All the while, expectations have been rising consciously and unconsciously to terribly unrealistic levels. Believers in the project who kept the faith were setting themselves up for disillusionment, detractors got more ammunition, and everyone on the sidelines made it out to be a taboo they’d rather not touch. Comcept would have to win all these hearts and more. The shame is that some of the development team, at least the members of Inti Creates that lent a hand to Inafune’s team, have proven themselves before, such as with “Azure Striker Gunvolt”.
So in a way, the Mega Man spiritual successor does exist, just in Gunvolt instead. The core danger here was Comcept setting themselves up for failure when they could have avoided it, and how we, as the audience, let ourselves get carried away with the spectacle. Myself included! Perhaps we would have all been more lenient on the game had it not had the words “Mega Man” hidden on the box or if the game flew out on a smaller budget with fewer boasts.
Finally onto the game itself. We all know the Mega Man recipe: defeat eight evil robots, steal their powers, exploit said powers, and take the fight to an evil mad scientist’s fortress, rinse, repeat next game. What “Mighty No. 9” does a little different is include a dash system similar to “Mega Man X”. Beck can AcXelerate Dash through weakened enemies and absorb them for various power ups that increase in potency the sooner you execute it. The game tries to emphasize it, but sometimes at the cost of making it a little on the easy side during stage portions, or during some boss attacks laughably easy to dodge.
Though not every moment seems to gel with the AcXelerate Dash. I would clear half a boss’ HP into the weakened state, but she would leap into the air before my dash could reach. By the time she landed, I missed my window and she was back at full health. On the bright side though, I do commend the mechanic, it’s very sound, gives a good rush which I fear may wear thing, and it tells the inner “X series” fan in me says this is how Axl of “Mega Man X7” infamy should have worked.
The stages, at least from my first brush with Mighty No. 2 Cryo, leave something to be desired. In this case, I was dropped immediately into a murky sea where the dark greens overshadowed the already very dull looking graphics, nearly blinding me with the dark. Upon reaching the ice section of our Ice Woman’s stage, the dark greens where replaced with blues and whites that all blended in with the stage platforms and hazards, blinding me with light. As for the stage itself, there wasn’t much cohesion to the themes, if any, which is a shame since Mega Man stages always had a thematic flow.

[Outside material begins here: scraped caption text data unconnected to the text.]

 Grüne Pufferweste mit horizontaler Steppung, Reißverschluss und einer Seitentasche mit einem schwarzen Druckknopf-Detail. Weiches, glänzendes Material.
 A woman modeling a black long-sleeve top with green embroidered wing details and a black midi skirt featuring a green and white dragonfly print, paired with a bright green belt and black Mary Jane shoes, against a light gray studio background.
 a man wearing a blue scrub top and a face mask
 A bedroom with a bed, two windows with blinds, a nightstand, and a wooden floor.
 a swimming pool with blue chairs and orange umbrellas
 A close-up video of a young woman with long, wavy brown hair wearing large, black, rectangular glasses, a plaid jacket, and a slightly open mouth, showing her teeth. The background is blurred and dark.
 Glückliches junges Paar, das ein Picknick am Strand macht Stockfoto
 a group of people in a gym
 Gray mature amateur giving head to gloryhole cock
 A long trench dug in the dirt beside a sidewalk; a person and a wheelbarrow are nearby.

Here it was just haphazard generic stage designs, but with a few ice slicks and ice blocks. It wasn’t unplayable, but it wasn’t memorable as a stage good or bad. It’s been minutes and I cannot even remember the music, which is quite a shame. The boss fared similarly, she was doable, but still somewhat frustrating. In one moment I had a “sweet spot” where my Mega Buster did nearly half her damage, putting her into the absorption state, which I missed the window for into her long invulnerability phase until it finally closed with her back at full health. It makes me wonder if I had the “Fire Man” weapon ahead of time, would that have destroyed her quicker than Metal Man to his own blades? Or is Beck’s Mega Buster a little on the strong side? We may have a balance problem, but I’d need more weapons first.
Update: Just got the Ice Shot and used it in the next stage according to the boss order, it made an entire section of the stage irrelevant and the area boss literally could not move or act for a significant portion of the battle.

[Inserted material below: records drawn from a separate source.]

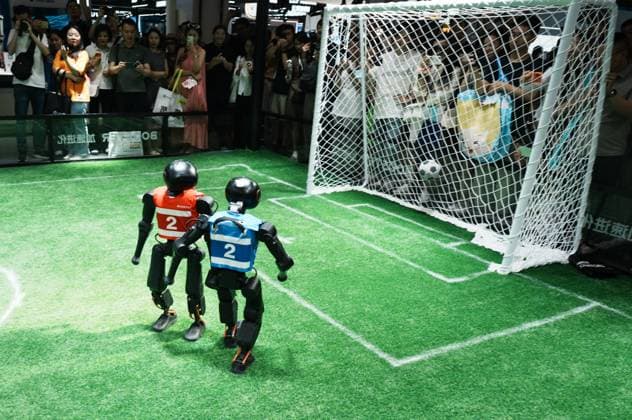 SHANGHAI, CHINA - JULY 20: Spectators watch Booster Robotics Booster T2 robots competing in a 2-on-2 football match during the 2026 World Artificial Intelligence Conference on July 20, 2026 in Shanghai, China. The 2026 World AI Conference and High-Level Meeting on Global AI Governance scheduled from July 17 to July 20 showcases exhibitions of smart devices, AI plus culture and entertainment experiences, and a wide range of cutting-edge AI products, among which a range of humanoid robots and AI-powered dexterous hands as one of the highlights.  Copyright: xVCGx 111655541746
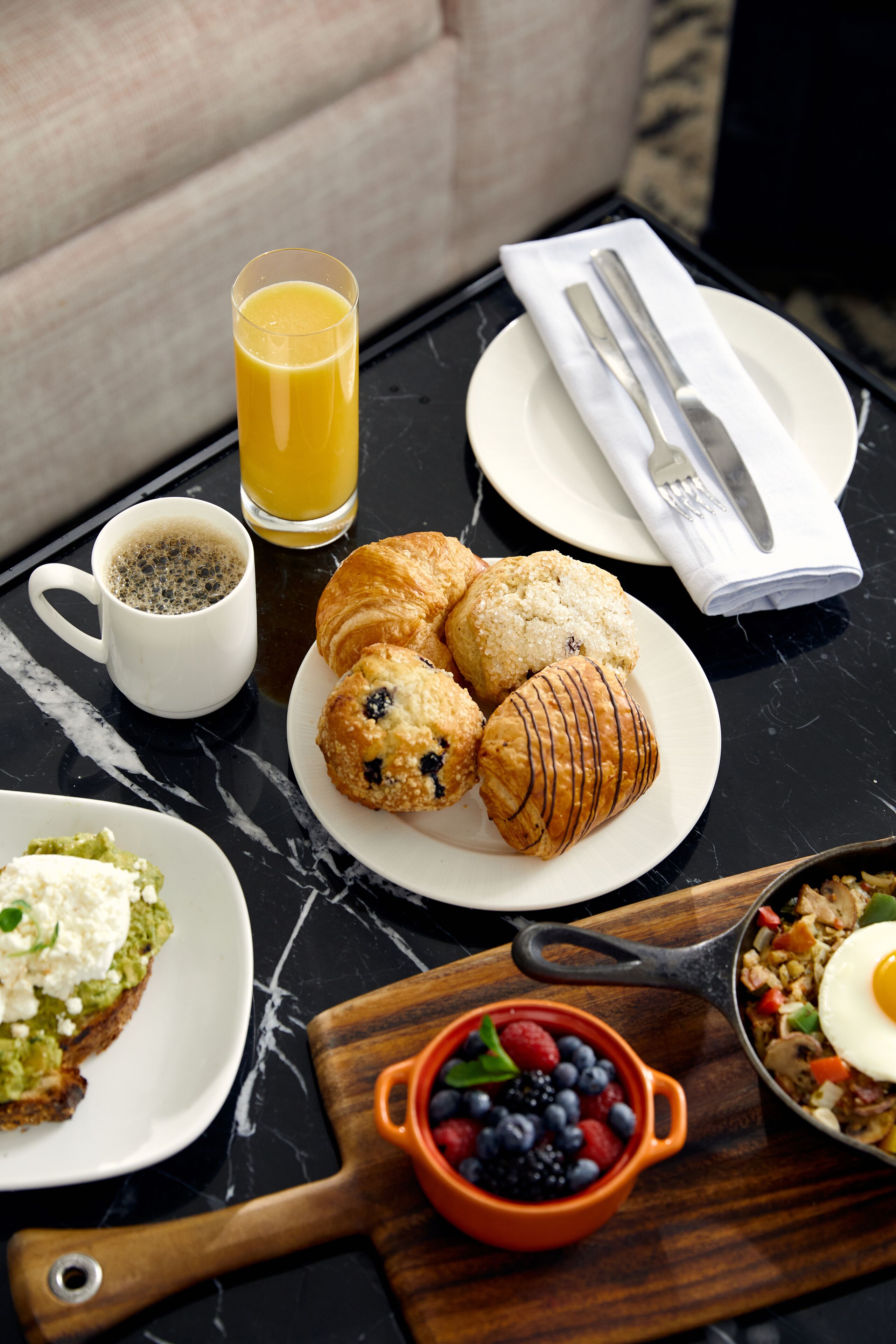 A breakfast table with croissants, a glass of orange juice, a cup of coffee, a plate of scrambled eggs, and a bowl of berries.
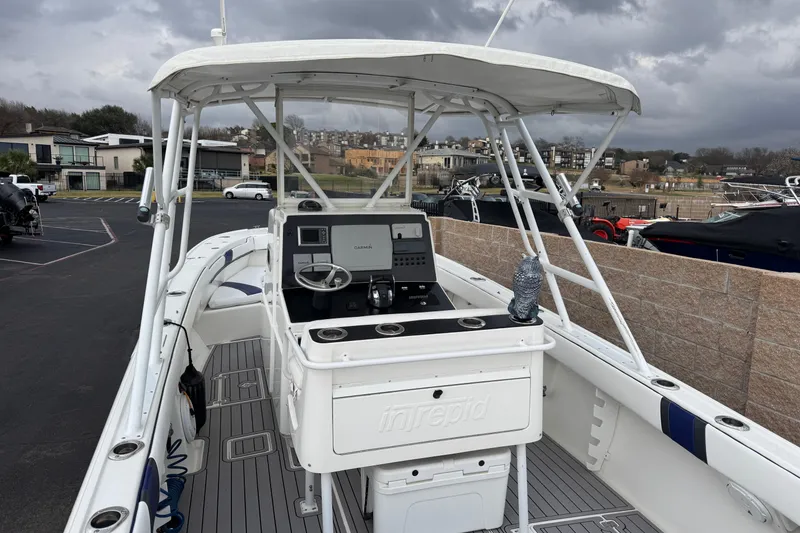 Slide: The Image of 2001 Intrepid 327 Center Console boat with helm, parked under cloudy skies. - 5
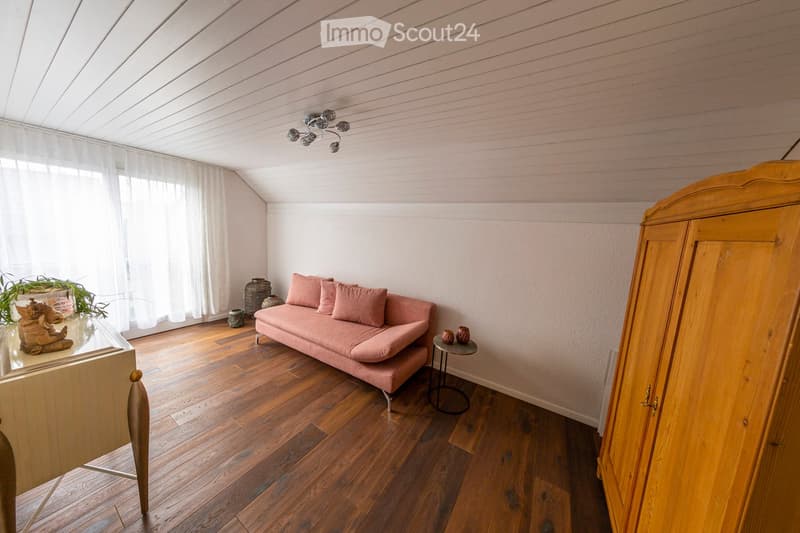 A cozy living room with wooden flooring, a pink sofa, a small round table, a plant, and decorative items.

Another stage I started out with, and had an easier time with, was the DLC Ray stage. Ray is our Zero/Bass/Protoman stand-in the Mighty No. 0. Ray might have been intended as an extra boss after getting significant power ups and the game’s equivalent of E-Tanks since her stage was filled with aggressive enemies and her attacks were very potent. However, they became predictable very quickly and the oddly powerful Mega Buster struck again. Ray herself is a novel character, having to always need fresh kills lest she start losing health, so anyone looking for a “Zero” experience knows who to turn to. There are fun concepts embedded within the game, but there’s one very damning part of it that reared its head right away, its technical flaws.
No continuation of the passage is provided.